# not that I mind, but...



## Sam (Jan 15, 2006)

my rep influence just went up a point, but my total points hasnt changed.

what happened?


----------



## Jonathan Randall (Jan 16, 2006)

Sam said:
			
		

> my rep influence just went up a point, but my total points hasnt changed.
> 
> what happened?


 
You probably added a point because it's your one year anniversary as a MT Member. You gain a point of rep. power per year as a member, IIRC, as well as per thousand posts.


----------



## Bob Hubbard (Jan 16, 2006)

Time in, post count, effect your power both do.  The more posts do you make, and longer with us you are, more powerful in the Force you become young padewan.

:jedi1:


----------



## Sam (Jan 16, 2006)

my one year anniversary of MT?

SWEEET!!!

*edit*

I'm gonna pretend that the jedi master didnt just spell "padawan" incorrectly.


----------



## Jonathan Randall (Jan 16, 2006)

Bob Hubbard said:
			
		

> Time in, post count, effect your power both do. The more posts do you make, and longer with us you are, more powerful in the Force you become young padewan.
> 
> :jedi1:


 
*May the Schwartz be with you!!!*
:jediduel: :jediduel: :jediduel: :jediduel:


----------



## Bob Hubbard (Jan 16, 2006)

Sam said:
			
		

> my one year anniversary of MT?
> 
> SWEEET!!!
> 
> ...


Drinking I am. Clouded things are. My glass, empty do I sense. *hic*
Off to BBQ Jar Jar I am.  hehehehehehehehehe


----------



## Sam (Jan 16, 2006)

Jonathan Randall said:
			
		

> *May the Schwartz be with you!!!*
> :jediduel: :jediduel: :jediduel: :jediduel:



Ludacris speed? I dont know if the ship can go that fast!

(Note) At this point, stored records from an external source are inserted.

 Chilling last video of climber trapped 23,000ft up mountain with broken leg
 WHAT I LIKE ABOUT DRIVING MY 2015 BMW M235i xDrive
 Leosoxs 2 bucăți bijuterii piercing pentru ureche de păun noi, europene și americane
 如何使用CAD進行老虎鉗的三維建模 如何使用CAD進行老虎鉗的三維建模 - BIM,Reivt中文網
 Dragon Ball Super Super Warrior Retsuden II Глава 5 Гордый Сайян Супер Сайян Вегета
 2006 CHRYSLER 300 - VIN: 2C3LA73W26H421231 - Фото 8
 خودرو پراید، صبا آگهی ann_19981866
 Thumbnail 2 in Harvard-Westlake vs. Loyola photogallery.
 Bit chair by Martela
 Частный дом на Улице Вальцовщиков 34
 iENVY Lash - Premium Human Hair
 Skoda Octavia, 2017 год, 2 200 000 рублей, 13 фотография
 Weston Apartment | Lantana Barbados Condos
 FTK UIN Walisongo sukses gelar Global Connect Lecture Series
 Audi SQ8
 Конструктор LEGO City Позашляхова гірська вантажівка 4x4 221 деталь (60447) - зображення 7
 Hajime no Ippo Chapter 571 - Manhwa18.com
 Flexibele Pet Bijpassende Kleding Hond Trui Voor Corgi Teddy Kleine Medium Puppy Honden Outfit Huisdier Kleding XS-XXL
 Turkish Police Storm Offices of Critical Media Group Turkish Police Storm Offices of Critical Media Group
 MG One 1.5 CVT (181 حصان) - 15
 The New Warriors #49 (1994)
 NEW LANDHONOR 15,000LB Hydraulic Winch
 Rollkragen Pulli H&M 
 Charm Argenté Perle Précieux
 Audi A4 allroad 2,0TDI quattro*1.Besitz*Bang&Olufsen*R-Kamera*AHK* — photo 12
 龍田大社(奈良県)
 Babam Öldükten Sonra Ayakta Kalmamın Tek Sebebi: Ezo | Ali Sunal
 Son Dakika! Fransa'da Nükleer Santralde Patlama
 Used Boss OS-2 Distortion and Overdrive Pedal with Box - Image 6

Just what we need, a druish princess!

I knew it! I'm surrounded by *******s!

What's a matter coloniel sanders... Chicken?

That was my virgin-alarm. It's programmed to go off before you do! 

If you can read this, you don't need glasses. 

*loves that movie*


----------



## FearlessFreep (Jan 16, 2006)

Evil will always triumph because good is dumb


----------



## arnisador (Jan 16, 2006)

Sam said:
			
		

> Ludacris speed?


 
What's that rapping sound I'm hearing?


----------



## shesulsa (Jan 16, 2006)

Sam said:
			
		

> Ludacris speed? I dont know if the ship can go that fast!


Please tell me the young padawan did not misspell the word, "ludicrous?"


----------



## MA-Caver (Jan 16, 2006)

:rofl: MA-Caver is giggling quietly in some small corner of the MT dojo.....


----------



## Sam (Jan 16, 2006)

heh. I was indeed thinking of the rapper.

But seriously. who would expect a rapper to use the english language incorrectly?

:rofl:


----------



## shesulsa (Jan 16, 2006)

Sam said:
			
		

> But seriously. who would expect a rapper to use the english language incorrectly?:rofl:


:lol2:  Good point!


----------